One of the most influential people in my life is my 5th grade teacher Mr. Murphy. Mr. Murphy did not impart any words of wisdom that I specifically remember, nor has all the knowledge he taught me stayed with me throughout the years—in 5th grade I could name all the states and the capitals, and that is no longer the case. I can say that every Christmas my mother still displays a Santa made out of egg carton pieces that sits in a silver painted turkey bone sleigh I made in his class, and that decoration will probably outlast any of the knowledge learned in Mr. Murphy’s classroom.
One might ask why Mr. Murphy is such an important person in my life if my school year spent with him 20 years ago, though wonderful, wasn’t life changing. It was out of the classroom that Mr. Murphy helped me meet the best teacher I ever had: the wilderness. My father had introduced me to the wilderness as a child, taking me camping and fishing with the family, but Mr. Murphy solidified my passion for the out of doors and helped it become a long lasting love. For that I will be forever thankful, as this passion and love has not only lead me into a profession I love, but the wilderness has contributed to a higher self-esteem and a positive sense of self.
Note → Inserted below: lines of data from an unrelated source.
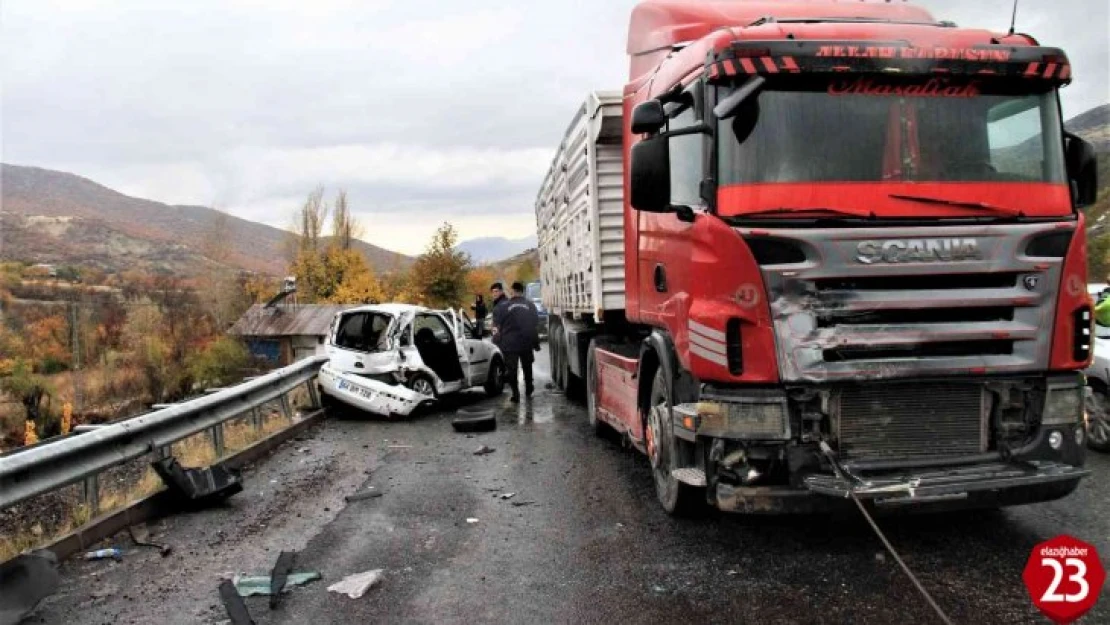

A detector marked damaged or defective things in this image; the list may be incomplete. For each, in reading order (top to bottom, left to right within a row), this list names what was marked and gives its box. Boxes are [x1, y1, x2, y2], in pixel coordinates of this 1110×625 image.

collision damage [314, 304, 502, 416]
damaged white car [320, 302, 506, 414]
crashed guardrail [0, 356, 328, 512]
detached tire [648, 368, 708, 516]
damaged radiator grille [840, 382, 988, 460]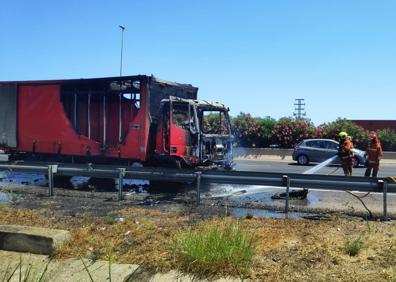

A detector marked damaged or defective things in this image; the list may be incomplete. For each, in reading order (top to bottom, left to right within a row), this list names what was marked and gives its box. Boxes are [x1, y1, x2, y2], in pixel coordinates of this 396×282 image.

burned truck cab [154, 96, 235, 169]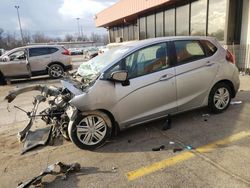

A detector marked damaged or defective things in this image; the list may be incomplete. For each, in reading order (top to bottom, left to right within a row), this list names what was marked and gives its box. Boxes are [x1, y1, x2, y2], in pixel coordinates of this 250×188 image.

damaged front end [4, 78, 85, 153]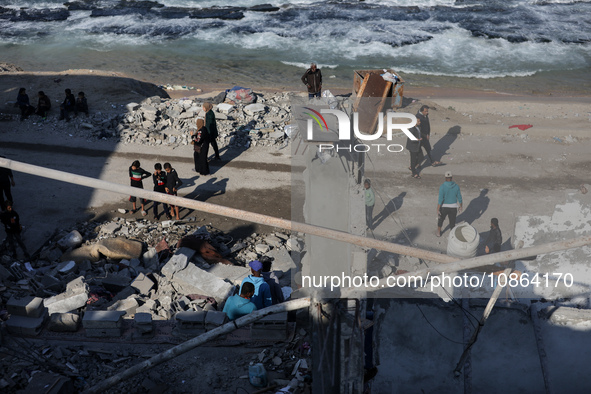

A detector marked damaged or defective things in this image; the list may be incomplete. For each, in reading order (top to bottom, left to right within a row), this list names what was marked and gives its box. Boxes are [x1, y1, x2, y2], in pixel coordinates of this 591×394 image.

broken concrete slab [161, 246, 195, 278]
broken concrete slab [131, 272, 155, 294]
broken concrete slab [170, 262, 235, 304]
broken concrete slab [7, 296, 45, 318]
broken concrete slab [47, 314, 81, 332]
At about 13 years old, I embarked on my first backpacking trip ever with Mr. Murphy as the lead. It was a week long trek that ended after hiking to the top of Mt. Whitney, the tallest peak in the continental United States. One might think that is impressive for a first backpacking trip, but perhaps more impressive is that my second trip was two years later when I hiked the John Muir Trail (200 miles total) with Mr. Murphy and 3 others. I have been up Mt. Whitney a totally of three times in my life, all with Mr. Murphy as my guide.
I was excited to come back to high school in the fall able to report that I backpacked 200 miles when giving reports regarding what we did during summer vacation. I felt accomplished. I felt important. In high school where everyone is judged and ranked, the outdoors provided relief from all of that stress. Mother Nature treats everyone the same; if she rains on you, she is raining on the guy next to you as well. She doesn’t play favorites and she welcomes anyone who wants to join her non-exclusive clique.
I accomplished something that I didn’t think anyone else in my class had done, and even if they had, it wouldn’t have felt like a competition. For example, anytime I run into a person that also did the John Muir Trail, it is a way to connect through memories and shared adventure rather than compare and compete. Just doing it is a feat, and no one is keeping time or marking the score. That is the great thing about the wilderness: it isn’t about being good, but rather just being out there.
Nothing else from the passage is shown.